Last Updated on August 2, 2024
If you’re ever in Miami or on South Beach, take the Miami Art Deco Tour. It’s a great, short tour during which you just stroll around the South Beach neighborhood as your guide brings all that famous architecture alive…
Estimated reading time: 6 minutes
By Jim Ferri
Miami’s Art Deco tour of Miami Beach / South Beach is world renown. And whether you believe Miami Beach is the Art Deco capital of the world or not, after the tour you’ll realize that it’s right up there with the crème de la crème.
If nothing else, after the Art Deco tour you’ll realize no other place on earth does such a good job of promoting deco and decadence on a leisurely mid-morning stroll.
I’ve always wanted to take one of the Art Deco tours of South Beach and last weekend took the plunge.
It turned out to be exceptionally simple: no reservations needed — you just walk up to the Art Deco Welcome Center on the beach side of Ocean Drive before 10:30am on any given morning and sign up. $30 each ($25 for 65+, students and veterans).
The Art Deco Tour
With a group of eight others, my wife and I were paired with tour guide Gina Davidson, a transplanted New Yorker who moonlights, or, depending on your perspective, daylights as a volunteer guide for the Miami Design Preservation League. Our little international group included people from Australia, London and New York.

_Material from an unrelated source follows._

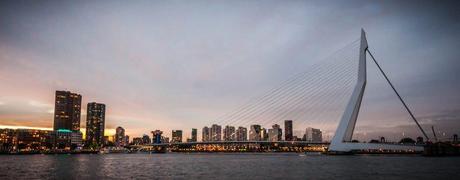 A-panoramic-view-of-Rotterdam-and-its-Erasmus-Bridge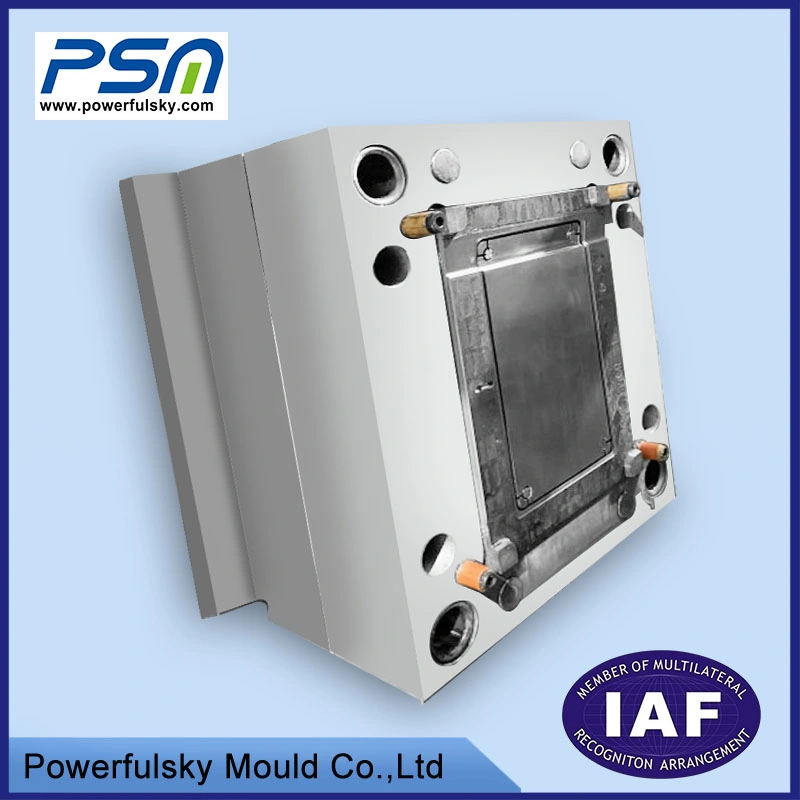 Powerfulsky ABS Plastic Injection Moulding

As soon as we set off Gina pulled us all over to a spot on the grass next to the center to give us an overview of Art Deco, explaining exactly what comprises the architectural form. She shared how Art Deco wound up here on Miami Beach following the big hurricane of 1926, when the place was rebuilt with money from the mob after the end of prohibition in the 1930s. Thank you Al Capone.
The Essex House
Crowned with our sun hats and baseball caps we then set off like little chicks following mother hen on our adventure. We left Ocean Drive and walked over a block to Collins Avenue to the Essex House Hotel, built in 1938 and then saved and renovated, along with many other Art Deco properties in South Beach in the 1980s. It has a beautiful little deco lobby, complete with arrows set in the floor that directed patrons to its illegal casino.
After the stop in the Essex, we walked over another block to view the Wolfsonian on Washington Avenue, a fantastic small museum that hosts numerous revolving exhibits. Unfortunately, since it was Sunday morning the museum was closed, which was probably a good thing since most of us would have dawdled there.
The Wolfsonian Museum
The Wolfsonian, Gina told us, was originally a moving and storage house, something needed in the humid environment of South Florida. It did, however, have a profitable side business – its trucks would go out and pick up the crap tables and roulette wheels from hotels when their owners got word they were about to be raided, and then drive them around town until the police left empty-handed. The building itself seems kind of odd and drab, until you’re made aware of all the little details, such as the reason for the half-faces on the facade on 10th Street.
Across the street she pointed out the architectural transition from Art Deco to Miami Modern (MiMo) as we wandered over to the old U.S. Post Office. The interior of the post office, the rotunda, is beautiful, but is in a bit of disrepair due to all the cuts in funding.
Another Jewel: The Tides Hotel
We soon headed back to Ocean Drive and up to the Tides Hotel, one of the luxury hotels on Miami Beach, which Gina contrasted with a few others along the street. If you ever visit the Tides be sure to see its lobby (all these hotels, by the way, welcome you to wander in and about). After the tour we came back to the Tides and enjoyed a delicious, and pricey, lunch outside on the sidewalk. When the music started next door we found it was also a good venue to watch its drag-queen sidewalk sing fest, all popular- and pure- South Beach.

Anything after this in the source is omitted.